── Task input ──

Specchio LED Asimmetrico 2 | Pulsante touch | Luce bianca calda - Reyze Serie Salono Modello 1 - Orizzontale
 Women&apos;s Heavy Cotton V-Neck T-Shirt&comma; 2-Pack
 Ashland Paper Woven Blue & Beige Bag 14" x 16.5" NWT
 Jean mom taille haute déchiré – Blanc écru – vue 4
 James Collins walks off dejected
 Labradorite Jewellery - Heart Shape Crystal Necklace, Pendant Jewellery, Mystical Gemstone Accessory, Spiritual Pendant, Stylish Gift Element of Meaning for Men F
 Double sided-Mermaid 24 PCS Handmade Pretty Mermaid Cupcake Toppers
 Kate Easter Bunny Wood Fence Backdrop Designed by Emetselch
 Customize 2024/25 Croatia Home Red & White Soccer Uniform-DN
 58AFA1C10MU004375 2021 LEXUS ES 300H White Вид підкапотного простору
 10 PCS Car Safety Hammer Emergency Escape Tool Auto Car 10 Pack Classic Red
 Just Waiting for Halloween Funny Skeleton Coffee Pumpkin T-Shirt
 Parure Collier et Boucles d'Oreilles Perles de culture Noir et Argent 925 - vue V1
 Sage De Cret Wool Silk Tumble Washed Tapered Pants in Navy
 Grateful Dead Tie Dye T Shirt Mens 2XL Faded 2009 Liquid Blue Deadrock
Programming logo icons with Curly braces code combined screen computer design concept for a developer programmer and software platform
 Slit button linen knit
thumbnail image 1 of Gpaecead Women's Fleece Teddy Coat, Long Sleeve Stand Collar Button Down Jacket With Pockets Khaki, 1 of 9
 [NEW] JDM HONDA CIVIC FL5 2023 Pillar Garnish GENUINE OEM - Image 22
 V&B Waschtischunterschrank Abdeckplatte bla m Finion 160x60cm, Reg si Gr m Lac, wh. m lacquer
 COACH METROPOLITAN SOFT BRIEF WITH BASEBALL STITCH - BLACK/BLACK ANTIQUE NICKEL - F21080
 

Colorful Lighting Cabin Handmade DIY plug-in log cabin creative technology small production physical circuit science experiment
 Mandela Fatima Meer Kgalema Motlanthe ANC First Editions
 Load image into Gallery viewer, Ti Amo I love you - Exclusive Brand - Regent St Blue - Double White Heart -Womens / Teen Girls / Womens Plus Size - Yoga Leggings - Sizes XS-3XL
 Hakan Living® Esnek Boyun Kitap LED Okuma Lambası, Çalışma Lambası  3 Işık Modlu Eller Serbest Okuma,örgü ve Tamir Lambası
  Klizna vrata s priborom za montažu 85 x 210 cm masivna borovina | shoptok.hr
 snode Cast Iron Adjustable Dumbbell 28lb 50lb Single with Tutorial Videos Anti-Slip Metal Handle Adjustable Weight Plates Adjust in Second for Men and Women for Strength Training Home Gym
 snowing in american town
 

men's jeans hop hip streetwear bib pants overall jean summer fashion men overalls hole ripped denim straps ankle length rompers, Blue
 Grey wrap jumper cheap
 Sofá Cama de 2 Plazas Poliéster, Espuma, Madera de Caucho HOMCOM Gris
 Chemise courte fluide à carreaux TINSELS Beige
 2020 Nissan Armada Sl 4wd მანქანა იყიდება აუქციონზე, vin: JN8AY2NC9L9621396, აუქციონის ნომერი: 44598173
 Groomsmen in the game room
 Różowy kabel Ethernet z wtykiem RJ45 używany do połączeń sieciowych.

───

Type the records out again. Match them exactly.

Answer section ▸
Specchio LED Asimmetrico 2 | Pulsante touch | Luce bianca calda - Reyze Serie Salono Modello 1 - Orizzontale
 Women&apos;s Heavy Cotton V-Neck T-Shirt&comma; 2-Pack
 Ashland Paper Woven Blue & Beige Bag 14" x 16.5" NWT
 Jean mom taille haute déchiré – Blanc écru – vue 4
 James Collins walks off dejected
 Labradorite Jewellery - Heart Shape Crystal Necklace, Pendant Jewellery, Mystical Gemstone Accessory, Spiritual Pendant, Stylish Gift Element of Meaning for Men F
 Double sided-Mermaid 24 PCS Handmade Pretty Mermaid Cupcake Toppers
 Kate Easter Bunny Wood Fence Backdrop Designed by Emetselch
 Customize 2024/25 Croatia Home Red & White Soccer Uniform-DN
 58AFA1C10MU004375 2021 LEXUS ES 300H White Вид підкапотного простору
 10 PCS Car Safety Hammer Emergency Escape Tool Auto Car 10 Pack Classic Red
 Just Waiting for Halloween Funny Skeleton Coffee Pumpkin T-Shirt
 Parure Collier et Boucles d'Oreilles Perles de culture Noir et Argent 925 - vue V1
 Sage De Cret Wool Silk Tumble Washed Tapered Pants in Navy
 Grateful Dead Tie Dye T Shirt Mens 2XL Faded 2009 Liquid Blue Deadrock
Programming logo icons with Curly braces code combined screen computer design concept for a developer programmer and software platform
 Slit button linen knit
thumbnail image 1 of Gpaecead Women's Fleece Teddy Coat, Long Sleeve Stand Collar Button Down Jacket With Pockets Khaki, 1 of 9
 [NEW] JDM HONDA CIVIC FL5 2023 Pillar Garnish GENUINE OEM - Image 22
 V&B Waschtischunterschrank Abdeckplatte bla m Finion 160x60cm, Reg si Gr m Lac, wh. m lacquer
 COACH METROPOLITAN SOFT BRIEF WITH BASEBALL STITCH - BLACK/BLACK ANTIQUE NICKEL - F21080
 

Colorful Lighting Cabin Handmade DIY plug-in log cabin creative technology small production physical circuit science experiment
 Mandela Fatima Meer Kgalema Motlanthe ANC First Editions
 Load image into Gallery viewer, Ti Amo I love you - Exclusive Brand - Regent St Blue - Double White Heart -Womens / Teen Girls / Womens Plus Size - Yoga Leggings - Sizes XS-3XL
 Hakan Living® Esnek Boyun Kitap LED Okuma Lambası, Çalışma Lambası  3 Işık Modlu Eller Serbest Okuma,örgü ve Tamir Lambası
  Klizna vrata s priborom za montažu 85 x 210 cm masivna borovina | shoptok.hr
 snode Cast Iron Adjustable Dumbbell 28lb 50lb Single with Tutorial Videos Anti-Slip Metal Handle Adjustable Weight Plates Adjust in Second for Men and Women for Strength Training Home Gym
 snowing in american town
 

men's jeans hop hip streetwear bib pants overall jean summer fashion men overalls hole ripped denim straps ankle length rompers, Blue
 Grey wrap jumper cheap
 Sofá Cama de 2 Plazas Poliéster, Espuma, Madera de Caucho HOMCOM Gris
 Chemise courte fluide à carreaux TINSELS Beige
 2020 Nissan Armada Sl 4wd მანქანა იყიდება აუქციონზე, vin: JN8AY2NC9L9621396, აუქციონის ნომერი: 44598173
 Groomsmen in the game room
 Różowy kabel Ethernet z wtykiem RJ45 używany do połączeń sieciowych.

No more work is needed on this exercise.